Sengketa hukum selama tujuh tahun antara
perusahaan farmasi Novartis dan pemerintah India berakhir hari Senin ketika
Mahkamah Agung mengatakan bahwa obat kanker Glivec tidak dianggap sebagai
"temuan atau inovasi baru," yang disyaratkan hukum India untuk
mendapat hak paten. Perusahaan farmasi Novartis ingin mematenkan versi terbaru Glivec yang mereka sebut sebagai
kemajuan besar dari obat sebelumnya. Namun, India mengatakan Glivec bukan obat
baru, melainkan versi perbaikan dari obat yang sudah ada sebelumnya.
Glivec selama ini digunakan untuk mengobati leukemia dan dipatenkan
oleh banyak negara. Pengacara Asosiasi Pasien Bantuan Kanker di New Delhi,
Anand Grover, mengatakan hukum paten India lebih ketat dibanding banyak negara
lainnya dan hanya memberikan hak paten kepada produk-produk asli. Kasus ini
secara luas dipandang sebagai sengketa tingkat tinggi antara perusahaan farmasi
Barat yang menghendaki perlindungan hak paten yang lebih ketat di India, dan
para aktivis layanan kesehatan global yang berjuang untuk mendapatkan obat yang
terjangkau yang diproduksi oleh industri obat generik yang berkembang di India.
Para aktivis layanan kesehatan menyambut baik
putusan Mahkamah Agung itu. Doctors Without Borders mengatakan putusan itu
melindungi kesehatan masyarakat dan akan menjamin bahwa jutaan orang di seluruh
dunia bisa mendapat obat-obatan yang terjangkau harganya untuk mengobati
penyakit mematikan seperti AIDS, TBC dan kanker. Jennifer Kohn adalah direktur
medis Doctors Without Borders di Jenewa. Ia mengatakan,"India memproduksi
80 persen obat generik yang digunakan di negara-negara berpenghasilan rendah dan
menengah.

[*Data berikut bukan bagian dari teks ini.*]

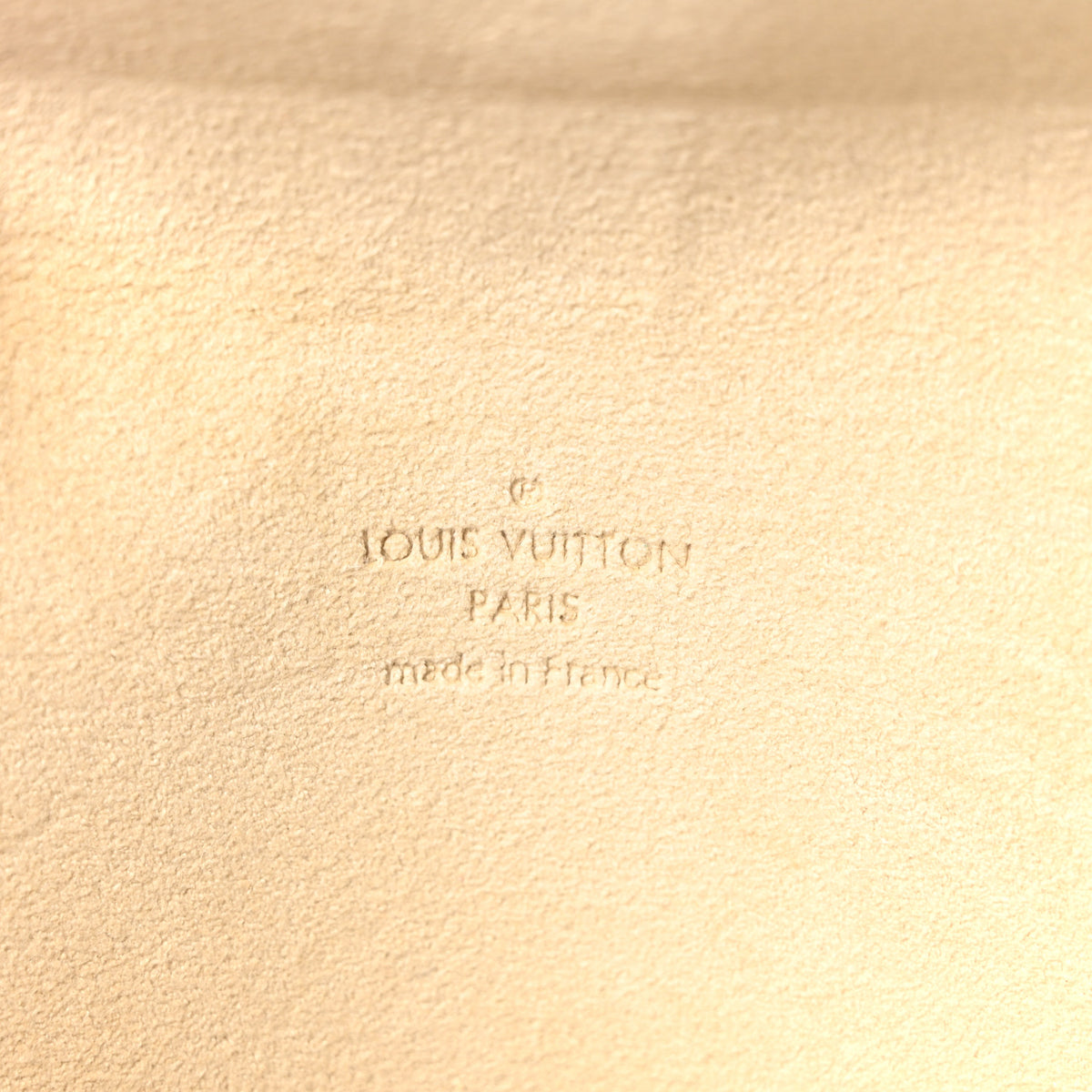 Monogram Pochette Florentine M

Agar kita dapat menggunakan obat-obatan penyelamat nyawa yang
penting, kita harus bisa mendapat obat generik yang lebih murah."
Perbedaan harga antara obat generik dan bermerek
sangat besar - dosis satu bulan Glivec, misalnya, harganya sekitar 2.500 dolar,
dibandingkan dengan sekitar 175 dolar untuk versi generiknya di India. Perusahaan-perusahaan
obat kesal dengan putusan itu. Novartis telah menyatakan keprihatinan tentang
“semakin tidak diakuinya hak atas kekayaan intelektual” di India. Ranjit
Shahani mengepalai perusahaan Swiss tersebut di India.

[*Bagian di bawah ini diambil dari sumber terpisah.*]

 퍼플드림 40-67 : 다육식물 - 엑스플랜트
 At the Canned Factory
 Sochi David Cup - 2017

"Ini sangat tidak menggembirakan dan
menunjukkan bahwa lingkungan penunjang inovasi tidak ada di India… kami telah
melihat bahwa investasi dalam pusat-pusat penelitian dan pengembangan sejak
tahun 2005, sejak kami memiliki hukum paten, semuanya tanpa terkecuali telah
pindah ke Tiongkok, jadi kita perlu mengarahkan investasi ini ke India,” kata
Ramjit Shahani. Putusan Mahkamah Agung itu juga merupakan pukulan bagi
perusahaan multinasional lain yang terlibat dalam sengketa paten di India.
India tidak ragu-ragu dalam memperbolehkan produksi lokal obat-obatan mahal.
Tahun lalu, India memberi lampu hijau kepada
produsen lokal untuk membuat versi generik dari obat kanker buatan Bayer,
dengan mengatakan perlunya menyediakan obat-obatan dengan harga yang
terjangkau. Perusahaan-perusahaan obat multinasional melihat hukum di India
sebagai cara menghindari hak-hak paten dan mengatakan perlindungan hak paten
yang tidak memadai akan mencegah inovasi.